Furthermore, we are also working on incorporating electrical stimulation capabilities into the proposed platform. The feasibility of using the same electrode array for stimulation has been explored in [34]. This will allow the system to provide neural feedback to the patient including tactile and proprioceptive responses, which are essential for a realistic neuroprosthesis [71, 72]. These features could be facilitated by the Neuronix chip's support for simultaneous recording and stimulation [35, 47], as well as advances in high-precision, charge-balanced neural stimulators [13, 73].

5. Conclusion

We present a technological platform underlying a new class of bioelectric neural interface that is capable of establishing an efficient information conduit between human minds and machines through the peripheral neural pathways. It is achieved thanks to the groundwork in FAST-LIFE microelectrodes, FS-based neural recorders, and deep learning-based AI neural decoder. Empirical data resulted from a pilot human experiment show that the proposed interface could potentially allow amputees to control their prosthetic hands with exceptional dexterity and intuitiveness. Together, these results demonstrate that bioelectric neural interfaces with fully-integrated microelectrodes, bioelectronics, and AI decoders could be the basis for the future human-machine symbiosis.

Acknowledgments

The surgery and patients related costs were supported in part by the DARPA under Grants HR0011-17-2-0060 and N66001-15-C-4016. The human motor decoding experiments, including the development of the prototype, was supported in part by MnDRIVE Program and Institute for Engineering in Medicine at the University of Minnesota, in part by the NIH under Grant R01-MH111413-01, in part by NSF CAREER Award No. 1845709, in part by Fasikl Incorporated and in part by Singapore Ministry of Education funding R-263-000-A47-112, and Young Investigator Award R-263-000-A29-133.

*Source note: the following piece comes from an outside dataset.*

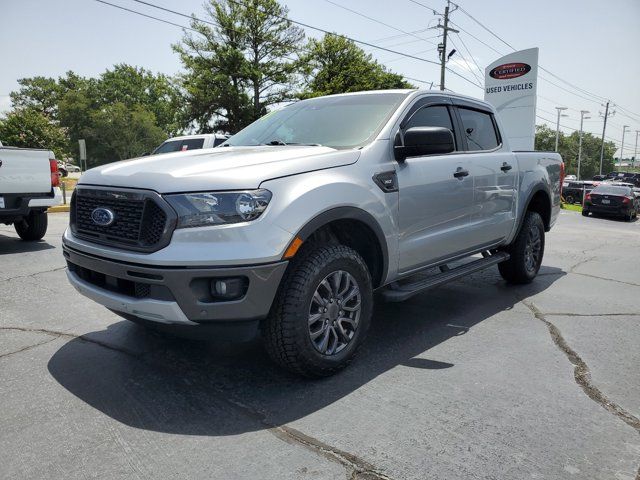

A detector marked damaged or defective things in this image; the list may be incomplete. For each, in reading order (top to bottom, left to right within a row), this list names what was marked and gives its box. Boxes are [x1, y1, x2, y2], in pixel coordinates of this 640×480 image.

cracked pavement [0, 214, 636, 480]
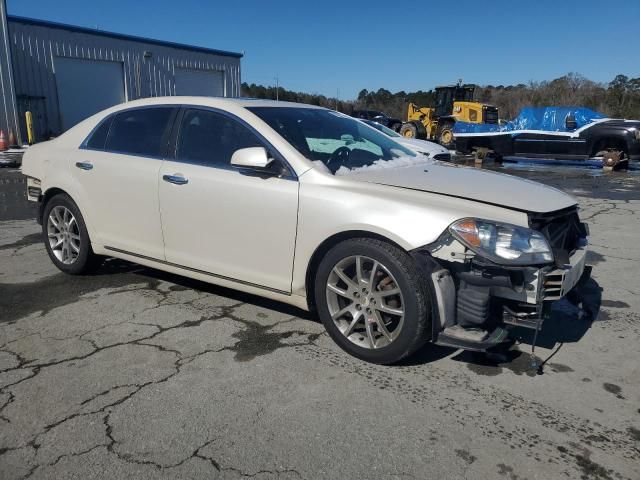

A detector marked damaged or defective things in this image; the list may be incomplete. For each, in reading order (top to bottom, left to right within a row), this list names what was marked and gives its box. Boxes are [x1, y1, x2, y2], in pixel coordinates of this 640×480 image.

Z. Yang is co-founder of, and holds equity in, Fasikl Incorporated a sponsor of this project. This interest has been reviewed and managed by the University of Minnesota in accordance with its Conflict of Interest policy.

J. Cheng and E. W. Keefer have ownership in Nerves Incorporated, a sponsor of this project.

Footnotes

  • Conventionally, CAP or eCAP refer to the responses produced by all the nerve fibers to an electrical stimulation. However, several studies have reported recording of naturally-evoked (nCAP) [6668] or spontaneous (sCAP)[69] potentials. These nCAP/sCAP have much smaller amplitude than eCAP because not all nerve fibers are recruited. Here we loosely use the term voluntary CAP (vCAP) to differentiate the acquired signals from other modalities. We conjecture that vCAP are also comprised of numerous individual potentials produced by the subject voluntary movement.